[[ SOURCE RECORDS open ]]

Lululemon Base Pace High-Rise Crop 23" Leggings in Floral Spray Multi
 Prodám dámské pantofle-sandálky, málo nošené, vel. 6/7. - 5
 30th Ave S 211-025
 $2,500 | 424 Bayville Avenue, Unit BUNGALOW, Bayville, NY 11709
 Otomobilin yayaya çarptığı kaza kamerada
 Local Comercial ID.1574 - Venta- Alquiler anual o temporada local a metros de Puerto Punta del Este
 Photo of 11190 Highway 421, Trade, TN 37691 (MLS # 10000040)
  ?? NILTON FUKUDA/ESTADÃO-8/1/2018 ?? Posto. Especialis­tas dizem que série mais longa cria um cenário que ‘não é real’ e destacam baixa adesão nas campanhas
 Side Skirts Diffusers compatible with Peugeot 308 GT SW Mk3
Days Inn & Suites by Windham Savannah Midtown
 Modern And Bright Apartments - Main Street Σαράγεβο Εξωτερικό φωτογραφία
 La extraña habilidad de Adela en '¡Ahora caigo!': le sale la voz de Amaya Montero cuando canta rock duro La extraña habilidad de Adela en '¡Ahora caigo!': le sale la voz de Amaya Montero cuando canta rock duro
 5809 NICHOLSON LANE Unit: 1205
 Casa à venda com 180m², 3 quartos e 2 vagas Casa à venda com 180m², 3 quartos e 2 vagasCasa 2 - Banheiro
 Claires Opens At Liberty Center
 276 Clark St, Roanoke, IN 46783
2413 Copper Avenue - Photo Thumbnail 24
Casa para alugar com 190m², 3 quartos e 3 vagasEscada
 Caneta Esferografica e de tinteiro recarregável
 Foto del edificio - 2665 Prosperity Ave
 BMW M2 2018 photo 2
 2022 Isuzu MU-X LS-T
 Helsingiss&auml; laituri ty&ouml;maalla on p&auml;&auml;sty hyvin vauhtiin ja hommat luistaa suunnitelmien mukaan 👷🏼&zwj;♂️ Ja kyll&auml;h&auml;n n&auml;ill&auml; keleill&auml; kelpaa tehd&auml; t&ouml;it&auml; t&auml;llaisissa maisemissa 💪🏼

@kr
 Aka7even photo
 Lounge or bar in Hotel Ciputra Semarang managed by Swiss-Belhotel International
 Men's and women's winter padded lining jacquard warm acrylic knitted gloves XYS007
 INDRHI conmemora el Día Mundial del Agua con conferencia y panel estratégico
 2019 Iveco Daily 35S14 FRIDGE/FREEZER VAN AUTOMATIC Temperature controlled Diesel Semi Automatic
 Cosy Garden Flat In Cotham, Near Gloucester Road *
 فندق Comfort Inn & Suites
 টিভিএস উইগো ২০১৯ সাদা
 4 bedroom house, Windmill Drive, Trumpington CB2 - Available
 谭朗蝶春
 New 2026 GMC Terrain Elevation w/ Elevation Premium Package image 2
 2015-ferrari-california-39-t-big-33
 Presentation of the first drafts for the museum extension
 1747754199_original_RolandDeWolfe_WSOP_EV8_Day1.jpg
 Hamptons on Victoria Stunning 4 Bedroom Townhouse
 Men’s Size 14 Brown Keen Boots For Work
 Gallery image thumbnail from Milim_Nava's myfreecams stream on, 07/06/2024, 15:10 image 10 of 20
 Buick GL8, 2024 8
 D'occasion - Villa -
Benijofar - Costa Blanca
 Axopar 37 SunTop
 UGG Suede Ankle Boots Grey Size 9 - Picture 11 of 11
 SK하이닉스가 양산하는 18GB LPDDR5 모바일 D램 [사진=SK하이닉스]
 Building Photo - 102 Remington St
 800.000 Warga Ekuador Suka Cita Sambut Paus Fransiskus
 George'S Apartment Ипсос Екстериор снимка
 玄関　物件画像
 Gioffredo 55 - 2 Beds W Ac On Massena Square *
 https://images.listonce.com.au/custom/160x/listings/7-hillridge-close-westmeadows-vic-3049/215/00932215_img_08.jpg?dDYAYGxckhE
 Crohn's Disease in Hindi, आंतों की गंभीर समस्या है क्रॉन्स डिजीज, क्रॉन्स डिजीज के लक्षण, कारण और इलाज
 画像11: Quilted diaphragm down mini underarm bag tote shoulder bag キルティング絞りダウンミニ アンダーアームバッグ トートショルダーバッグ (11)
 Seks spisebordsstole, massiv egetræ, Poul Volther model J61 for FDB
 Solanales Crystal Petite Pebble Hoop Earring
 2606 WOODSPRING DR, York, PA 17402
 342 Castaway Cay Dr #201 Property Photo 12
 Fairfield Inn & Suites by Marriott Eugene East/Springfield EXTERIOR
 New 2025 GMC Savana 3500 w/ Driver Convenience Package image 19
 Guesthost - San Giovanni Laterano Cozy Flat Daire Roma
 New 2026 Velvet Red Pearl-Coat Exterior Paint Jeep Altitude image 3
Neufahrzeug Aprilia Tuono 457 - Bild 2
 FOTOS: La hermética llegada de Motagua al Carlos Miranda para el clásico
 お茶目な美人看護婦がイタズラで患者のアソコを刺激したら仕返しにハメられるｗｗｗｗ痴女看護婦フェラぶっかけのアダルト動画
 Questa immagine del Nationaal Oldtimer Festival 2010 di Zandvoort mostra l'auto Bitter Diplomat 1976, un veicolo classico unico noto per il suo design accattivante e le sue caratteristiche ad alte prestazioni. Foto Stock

[[ SOURCE RECORDS closed ]]

PROBLEM DETAILS: Your answer should be the lines above that contain the word "Unit", copied out.

ANSWER BELOW:
 $2,500 | 424 Bayville Avenue, Unit BUNGALOW, Bayville, NY 11709
 5809 NICHOLSON LANE Unit: 1205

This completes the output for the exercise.